In your case, a query performing a range scan or table scan for a select list that includes a variable-length column is suffering from poor performance due to row-overflow and its effects. It doesn't matter whether the indexes are perfectly fragmented—when a variable-length column has been pushed off-row, the previously efficient scan is essentially interrupted since a random I/O is necessary to read the text page containing the off-row value.
Row-overflow is still very useful for occasional oversized rows. However, if query performance is critical, it should not be a heavily exploited component in your design.

Q We've just introduced database mirroring between two failover clusters as a way of getting geo-redundancy for less than the cost of storage area network (SAN) replication. The datacenters are within the same city, so we're able to use synchronous mirroring. The problem is that when a failover occurs on the local cluster, the mirrored database fails over to the remote cluster, which is not the behavior we want. How can we stop this from happening? We want the failover to happen only if the local cluster is unavailable.
A For increased availability, mirroring is set up with a witness server so failovers occur automatically if the principal becomes unavailable. The idea is that if the entire local cluster goes down, database mirroring will failover to the second cluster and the application can continue.
The problem occurs when a cluster failover happens. The failover takes longer to occur than the default time-out setting of database mirroring. The witness server and mirror server (meaning the active SQL Server instance on the second cluster) agree that they cannot see the principal, and then the mirror server initiates a mirroring failover to the second cluster.
The easiest method for preventing this is to remove the witness server so that database mirroring does not automatically failover if the local cluster goes down. Of course, this reduces availability, as a human is then needed to initiate a failover.
The second option is to alter the default timeout setting of database mirroring. This is the number of once-per-second "pings" that the principal must fail to respond to before it is declared unavailable. This setting is called the partner timeout and has a default value of 10. The current timeout value for the database can be found using the following code:
SELECT [mirroring_connection_timeout]
  FROM master.sys.database_mirroring 
  WHERE [database_id] = DB_ID ('mydbname');
GO

The timeout value can be changed using the following code:
ALTER DATABASE mydbname 
  SET PARTNER TIMEOUT <timeoutvalue>;
GO

For this scenario, the partner time-out needs to be set higher than the usual time it takes a cluster failover to occur on the local cluster. This may be a little tricky to determine given the variability in the time it takes to run recovery on the mirrored database when the cluster failover occurs, but you should be able to determine an upper bound. The problem with this method is that the timeout value may have to be minutes, which may be unacceptable for when a real disaster occurs.

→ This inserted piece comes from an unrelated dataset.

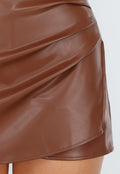 Lederlook Skort Bruin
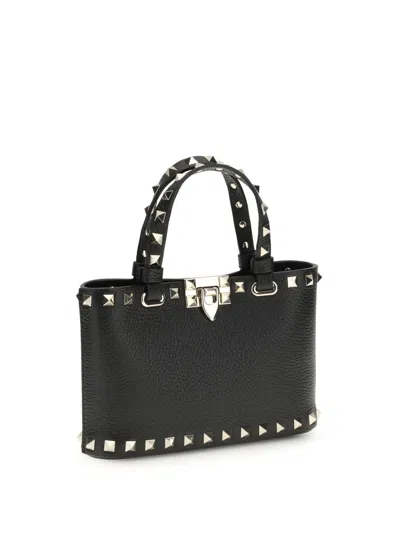 Valentino Garavani Rockstud Mini Shopping Bag In Grainy Calfskin Woman Black Uni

Q My backup strategy involves full and log backups, but I've heard that I should add differential backups to decrease restore time. I take a full backup once a week and hourly log backups. I tried adding daily differential backups, but one odd thing I've noticed is that the differential backups at the end of the week are close to the same size as the weekly full backup. I was under the impression that they are incremental, just like log backups. Am I missing something?
A The misunderstanding here is around the nature of differential backups. Unlike log backups, differential backups are not incremental. A differential backup contains all the changed data file extents since the previous full backup (and this applies to database, filegroup, and file level backups).
When an extent (a logical group of eight contiguous data file pages) is changed in any way, it is marked in a special bitmap page called the differential map (or more commonly known as the diff map). There is a diff map for each 4GB chunk of each data file. When a differential backup is taken, the backup subsystem scans all the diff maps and copies all the changed extents, but the diff maps are not reset. This means that if more extents are changed between successive differential backups, the later backups will be larger. The diff maps are only reset when a full backup is performed.
If the application workload is such that the database contents are extensively changed within a short period of time (say, within a week), then a weekly full backup will be almost the same size as a differential backup that was taken just before the next full backup. This explains the behavior that you're observing.
You are correct in thinking that differential backups offer a way to reduce restore time in a disaster-recovery situation. If the backup strategy is to take weekly full backups and hourly log backups, an up-to-the-minute restore would require the following:
  • Take a tail-of-the-log backup (all the logs generated since the most recent log backup).
  • Restore the most recent full database backup.
  • Restore all log backups, in sequence, since the most recent full database backup.
  • Restore the tail-of-the-log backup.
This could require a lot of log backups to be restored, especially if the disaster occurs just before the next full backup is due. (A worst-case scenario would mean 24 + 24 + 24 + 24 + 24 + 24 + 23 log backups to be restored!) By adding daily differential backups to this strategy, the restore sequence changes to this:
  • Take a tail-of-the-log backup (all the logs generated since the most recent log backup).
  • Restore the most recent full database backup.
  • Restore the most recent differential backup.
  • Restore all log backups, in sequence, since the most recent differential backup.
  • Restore the tail-of-the-log backup.
This could remove the need for restoring a lot of log backups, as restoring a differential backup is essentially the same as restoring all the log backups in the period covered by the differential backup.
The very worst case in a scenario where a daily differential backup is performed would be 23 log backups, even on the last day of the week. The one downside of differential backups not being incremental is that they can take more space, but that's almost always a worthwhile trade-off to reduce restore time.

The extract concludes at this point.